Issus du courant religieux chiite zayidite, les Houthistes habitent sur les hauts plateaux yéménites et notamment la province de Saada, et présentent de nombreuses différences au niveau du dogme par rapport aux chiites duodécimains iraniens. Ils représentent, en 2007, 30 % environ des 22,2 millions de Yéménites qui sont en majorité sunnites. De plus, ils partagent de nombreuses interprétations religieuses avec la majorité sunnite chaféite. Les houthistes dénient toute instrumentalisation de leur cause par une puissance étrangère et insistent au contraire sur l’aide que le royaume saoudien apporterait au président.
La nouvelle guerre du Yémen a éclaté en 2004 à la suite de la capture des principaux chefs houthistes et la mort au combat de leur chef, Hussein Al Houthi, tué en septembre de cette année là par un missile au cours d‘une opération clandestine de la CIA en représailles contre l’attentat contre le destroyer Cole. Hussein, figure de proue du mouvement, a été remplacé depuis lors par son frère Abdul Malik.
Mais au-delà du conflit inter tribal, les yéménites nourrissent de solides griefs à l’égard de l’Arabie saoudite à qui ils ne pardonnent pas l’annexion de trois verdoyantes provinces -Assir, Jizane et Najrane (2), à qui ils reprochent de surcroît d’avoir longtemps entretenu l’instabilité dans le pays en alimentant directement le budget de la défense, contournant ainsi le pouvoir d’état au bénéfice alternatif des deux principales confédérations tribales: les Beni Hached et les Bakil. Cheikh Abdallah Hussein Al Ahmar, homme fort de la tribu des Hached, dirigeant du parti d’Al Islah (la réforme) et Président du Parlement yéménite, passe pour bénéficier des subsides saoudiens dans la nouvelle confrontation.

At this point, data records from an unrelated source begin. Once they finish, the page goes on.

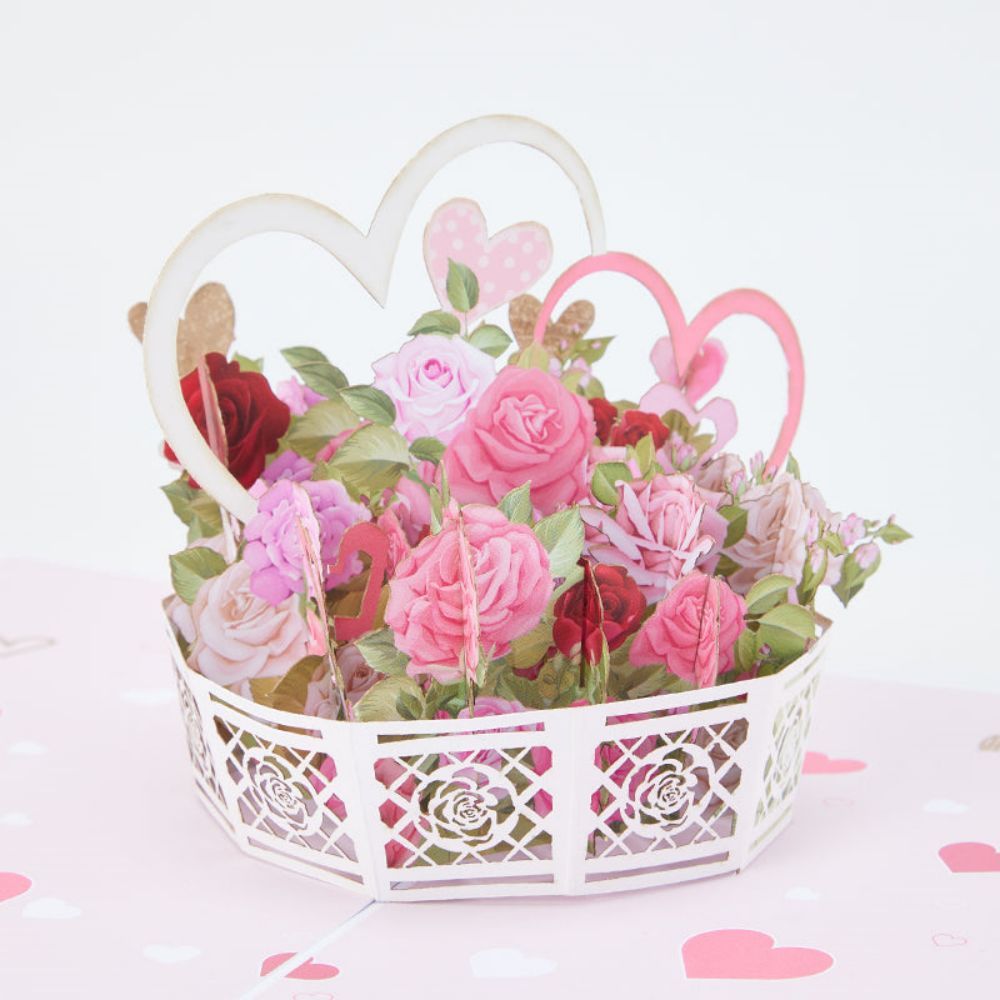 Rose Basket 3d Pop Up Carte De Vœux - votrecollierprenomfr
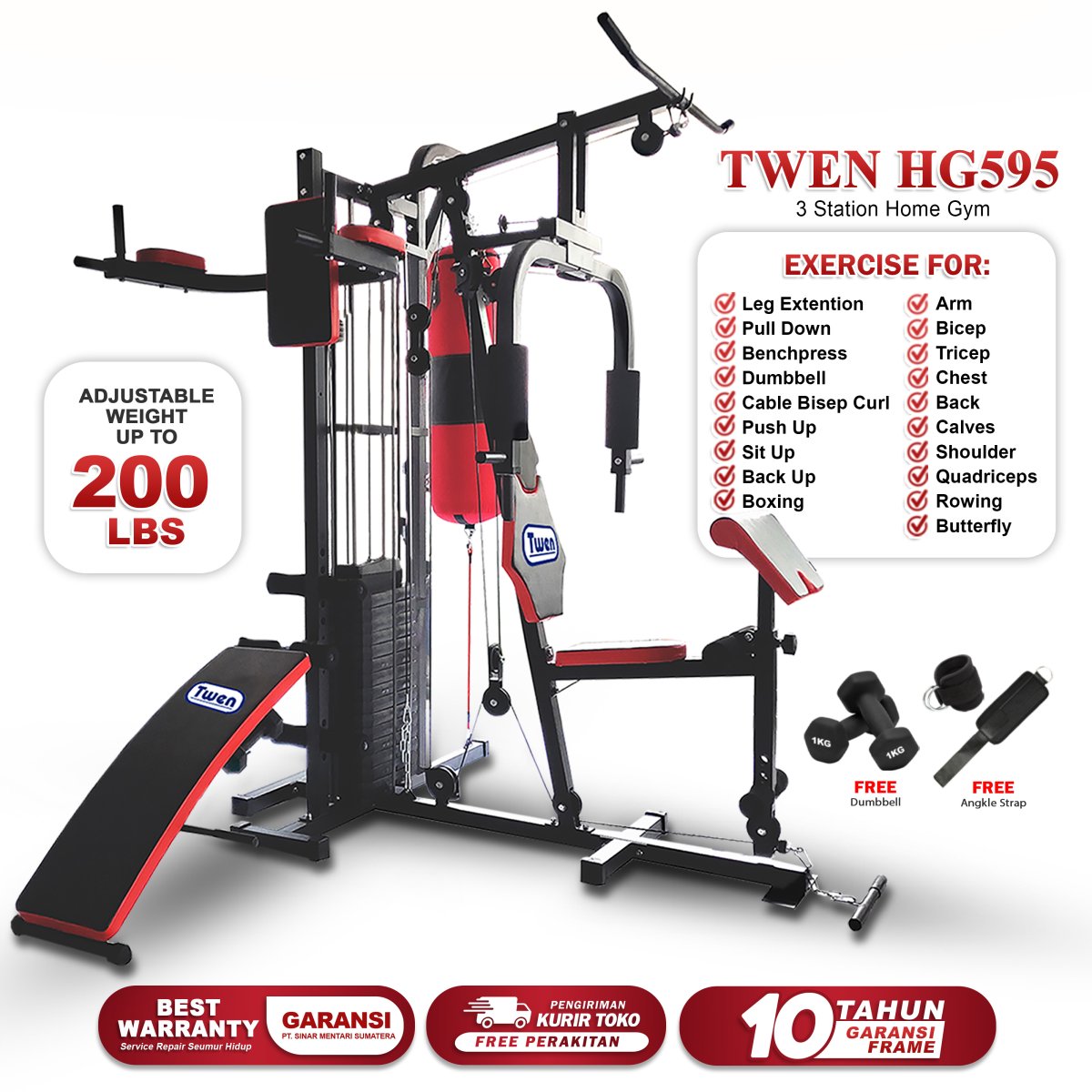 TWEN HG595 Alat Fitness Home Gym 3 Sisi
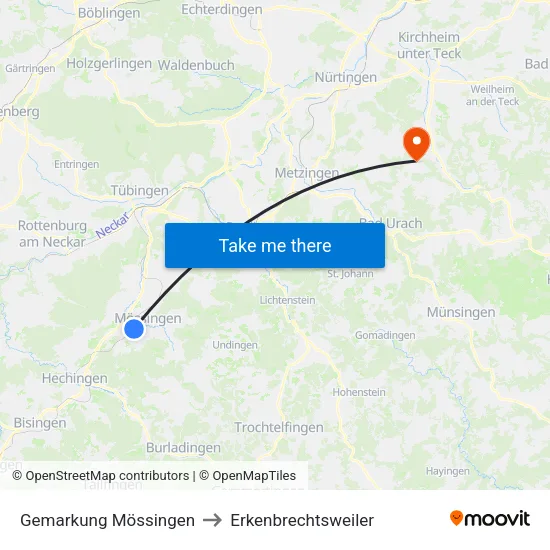 Gemarkung Mössingen to Erkenbrechtsweiler map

Le Yémen et l’Irak, les deux pays frontaliers de l’Arabie saoudite, constituent les deux balises stratégiques de la défense du Royaume wahabite, le premier au sud, le second au nord de l’Arabie. C’est dans ces deux pays que l’Arabie saoudite a engagé le combat pour assurer la pérennité de la dynastie wahhabite, à deux reprises au cours des dernières décennies. Le Yémen a servi en effet de champ d’affrontement inter arabe entre Républicains et Monarchistes du temps de la rivalité Nasser Faysal dans la décennie 1960, et, l’Irak, le théâtre de la confrontation entre le Chiisme révolutionnaire et le sunnisme conservateur du temps de la rivalité Saddam Hussein Khomeiny dans la décennie 1980.